*** Exercise data Section Begins ***

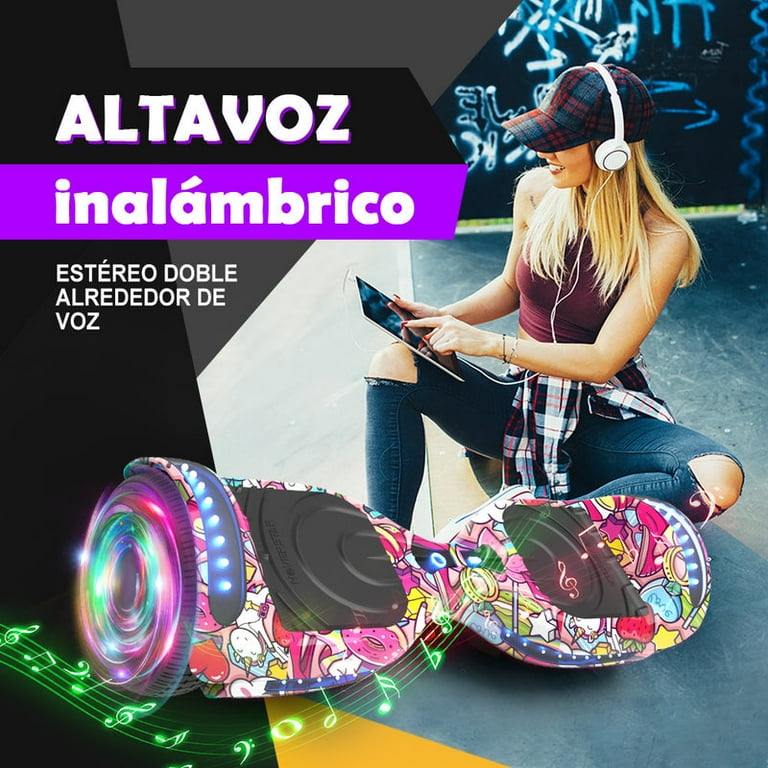 HOVERSTAR Bluetooth Hoverboard, LBW12A Color cromado o monopatín eléctrico de piel impresa con ruedas intermitentes LED HOVERSTAR LBW12A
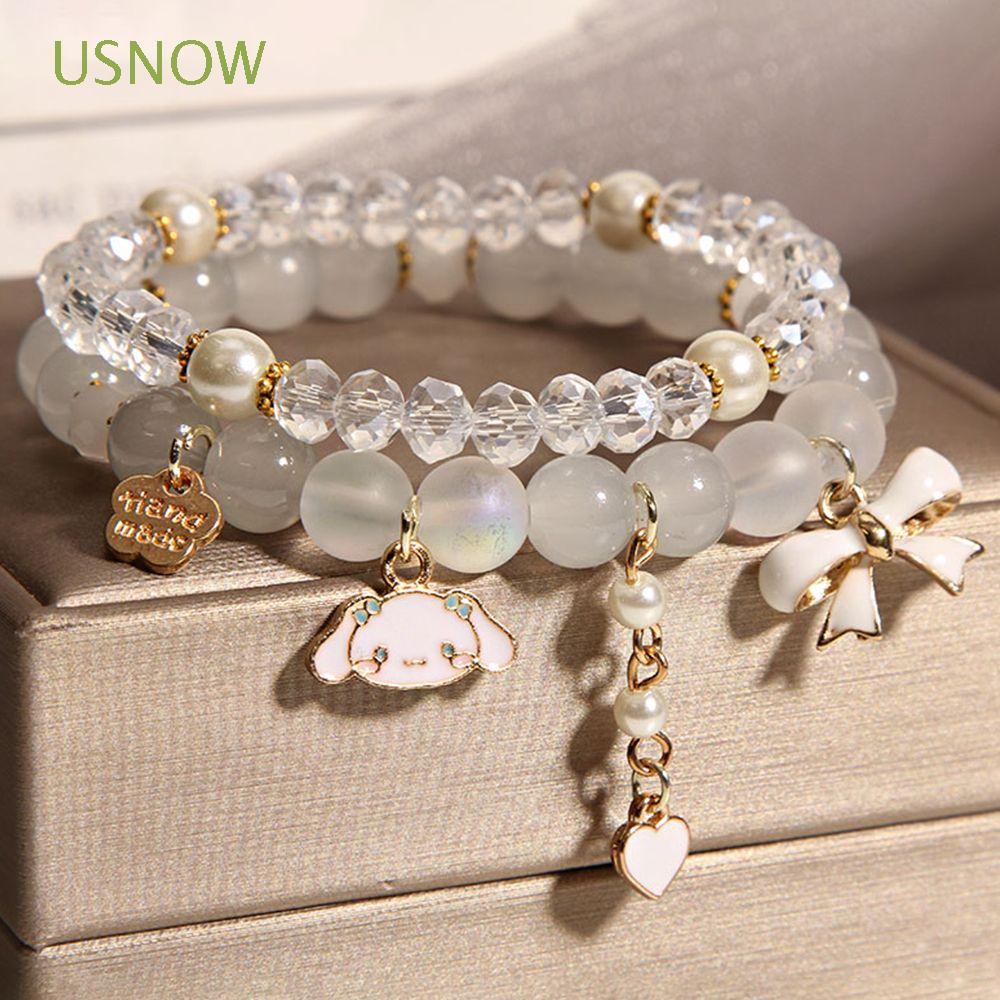 Usnow Women|Vòng Đeo Tay Chuỗi Hạt Có Thể Điều Chỉnh Phối Mặt Hình Hoa Và Nơ Xinh Xắn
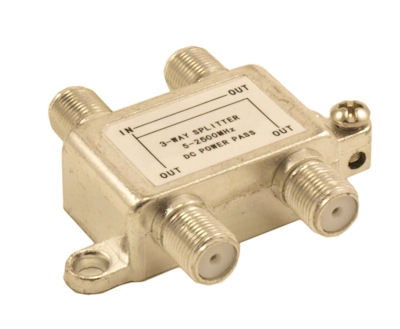 My Cable Mart - Coax Splitter, 3 Way, (premium, Nickel Platted) 5-2500 Mhz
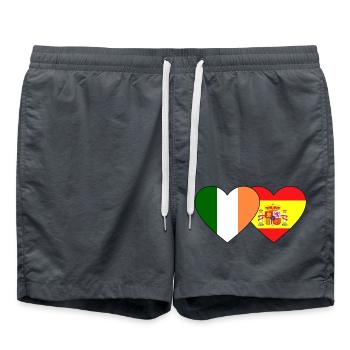 Ireland Spain Flag Heart - Swim Trunks - anthracite - Front - AI Model Male 185 light (185cm)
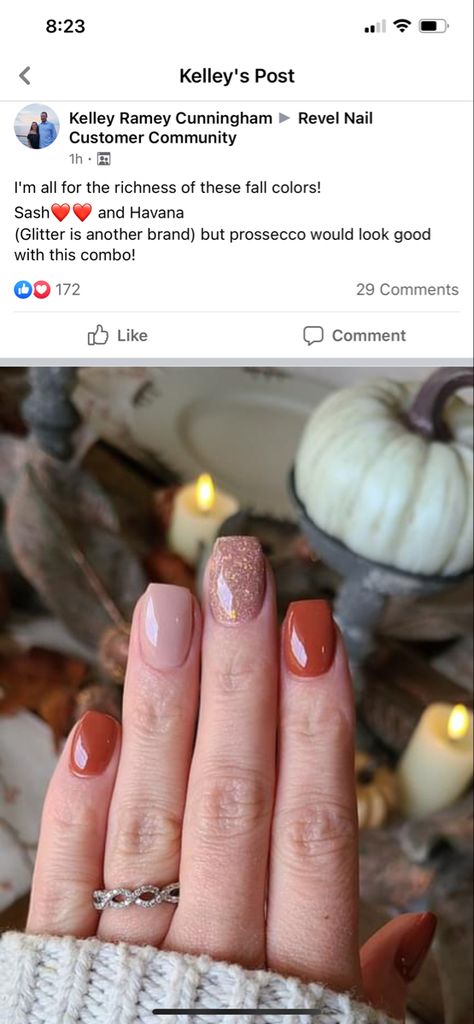 Fall Nails Tip Design, Fall Nails With Sparkle Accent, Short Acrylic Nails For Fall Autumn, Thanksgiving Nails Gel Simple, Fall No Chip Nail Designs, Fall Inspired Dip Powder Nails, Fall Manicure Dip Powder, Gel Nails Ideas October, November Nail Art Short Nails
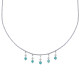 Collier Chaine Argent Breloques Cinq Perles de Larimar Facettées Anneaux et Perles Argent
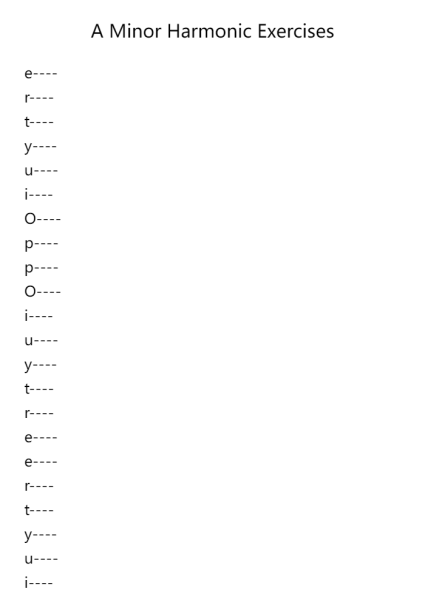 A Minor Harmonic Exercises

*** Exercise data Section Ends ***

== What is being asked ==
Could you set down verbatim the lines from the beginning of the entries above through the line containing "Usnow Women|Vòng Đeo", both included, leaving out the pictures?

== Task answer ==
 HOVERSTAR Bluetooth Hoverboard, LBW12A Color cromado o monopatín eléctrico de piel impresa con ruedas intermitentes LED HOVERSTAR LBW12A
 Usnow Women|Vòng Đeo Tay Chuỗi Hạt Có Thể Điều Chỉnh Phối Mặt Hình Hoa Và Nơ Xinh Xắn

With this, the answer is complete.